Oddbird is breaking ground with liberated products
29 October 2020
Meeting today’s conscious consumer’s rating health, transparency and environmental concerns highly, SCC member Oddbird is entering the alcohol liberated product market. The Link met with Moa Gürbüzer, CEO and Founder of Oddbird to learn more about what differentiates their products in the market and their vision to change social norms.
Moa Gürbüzer started her career in the 1980s, working as a social worker focusing on alcohol-related family issues. Moa wanted to make a difference for these families and children, but there didn’t seem to be an end or solution. Moa realised that to be able to make real change, it had to be on a structural level in society. In 2013, Moa founded Oddbird which produces alcohol liberated products. Today the company is the largest producer of wines liberated from alcohol in Scandinavia.
“With or without?”
“My idea to change the alcohol culture was, and is, quite simple. I want the question ‘Do you want your wine with or without alcohol?’ to be as common as ‘Do you want your coffee with or without milk?’,” Moa explains.

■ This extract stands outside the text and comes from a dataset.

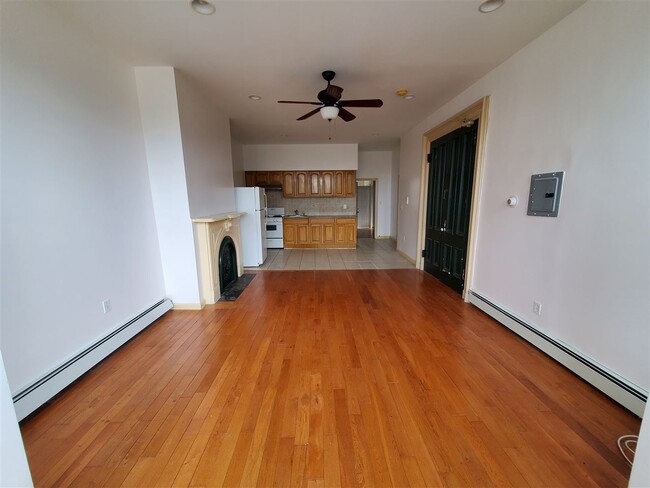 Building Photo - 298 Paterson Plank Rd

With this question and approach, the aim was to start a movement and a new social behaviour related to alcohol consumption, but also to question the norms that exist today. Oddbird has taken a deliberate stand by calling its products “liberated from alcohol” instead of the often-used term “alcohol-free” to differ itself from products that contain, for example, grape juice. Even more importantly, this term also highlights that the products liberate the wines from all the problems that alcohol entails.
Taste and quality is of great importance
Moa explains that with its fine tastes and carefully chosen vineyards, Oddbird’s products attract a larger target than other alcohol-free producers – consumers that drink alcoholic wines for the craftsmanship and quality. “We work with winemakers that have respect for tradition, respect for nature and genuine values. The winemakers, together with our team of experts, create great wines which we mature for up to 12 months and then gently liberate from alcohol by using a unique method that preserves the wine’s natural flavours and aromas.” Moa points out that the drinking culture around the world is very excluding. The norm is to drink alcohol and the ones not drinking, are the abnormal ones who get excluded. “We have a drinking culture that excludes people. We need one that includes people.”
Customers today demand transparency in the production, for example, the environmental footprint a product, or company, leaves. “The food and beverage industry is undergoing a huge transformation as we speak. Customers want locally produced products with a conscious and respectful approach to nature.” Oddbird has worked to find both short term and long term solutions to the environmental issues in producing wine, such as the amount of water that is required. “Short term solutions will be carbon offset and alternative transport routes, while long term solutions will be transforming water usage and packaging,” Moa says.
In the near future, Oddbird will release their alcohol liberated gin, made with distilled juniper, berries and botanicals from Norrland and Lappland, hoping to contribute to society by creating export trade from the north of Sweden. Oddbird have just recently released a Prosecco. Moa is also active in donating to organisations focusing on women’s wellbeing. But most importantly she thinks her biggest impact comes from selling wine. “I always say that as many bottles we have sold, that’s how many people I want to ask the question, and I hope that many more will call themselves an ‘Oddbird’ and take responsibility,” Moa concludes.